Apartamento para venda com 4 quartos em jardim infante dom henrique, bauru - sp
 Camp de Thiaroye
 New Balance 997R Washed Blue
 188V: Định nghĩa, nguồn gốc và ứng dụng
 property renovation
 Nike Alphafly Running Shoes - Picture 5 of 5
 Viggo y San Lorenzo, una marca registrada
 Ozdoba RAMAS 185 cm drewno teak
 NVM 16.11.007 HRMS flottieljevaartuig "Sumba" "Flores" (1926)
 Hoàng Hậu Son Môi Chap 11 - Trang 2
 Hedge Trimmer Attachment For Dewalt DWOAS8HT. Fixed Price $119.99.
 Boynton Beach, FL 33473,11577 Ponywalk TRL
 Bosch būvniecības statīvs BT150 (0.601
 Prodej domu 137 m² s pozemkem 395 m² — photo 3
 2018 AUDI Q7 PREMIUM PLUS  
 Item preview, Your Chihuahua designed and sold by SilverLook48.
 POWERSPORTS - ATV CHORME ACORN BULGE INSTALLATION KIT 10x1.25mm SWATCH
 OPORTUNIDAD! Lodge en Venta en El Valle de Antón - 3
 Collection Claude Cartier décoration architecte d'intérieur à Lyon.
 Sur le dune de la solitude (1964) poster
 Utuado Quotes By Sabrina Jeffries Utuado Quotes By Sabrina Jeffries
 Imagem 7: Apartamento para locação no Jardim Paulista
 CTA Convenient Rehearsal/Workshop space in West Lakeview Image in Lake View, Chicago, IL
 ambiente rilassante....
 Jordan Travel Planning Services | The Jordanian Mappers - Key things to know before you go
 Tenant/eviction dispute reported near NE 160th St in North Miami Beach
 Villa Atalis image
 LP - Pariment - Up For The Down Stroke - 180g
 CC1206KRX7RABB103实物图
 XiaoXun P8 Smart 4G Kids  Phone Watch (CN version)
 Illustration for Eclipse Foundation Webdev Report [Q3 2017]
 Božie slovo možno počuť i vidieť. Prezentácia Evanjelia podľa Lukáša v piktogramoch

──────────

__Prompt__:
The answer should consist only of the lines from the one containing "Sur le dune de la solitude (1964) poster" through the last line of the data, given again exactly.

__Answer to this task__:
 Sur le dune de la solitude (1964) poster
 Utuado Quotes By Sabrina Jeffries Utuado Quotes By Sabrina Jeffries
 Imagem 7: Apartamento para locação no Jardim Paulista
 CTA Convenient Rehearsal/Workshop space in West Lakeview Image in Lake View, Chicago, IL
 ambiente rilassante....
 Jordan Travel Planning Services | The Jordanian Mappers - Key things to know before you go
 Tenant/eviction dispute reported near NE 160th St in North Miami Beach
 Villa Atalis image
 LP - Pariment - Up For The Down Stroke - 180g
 CC1206KRX7RABB103实物图
 XiaoXun P8 Smart 4G Kids  Phone Watch (CN version)
 Illustration for Eclipse Foundation Webdev Report [Q3 2017]
 Božie slovo možno počuť i vidieť. Prezentácia Evanjelia podľa Lukáša v piktogramoch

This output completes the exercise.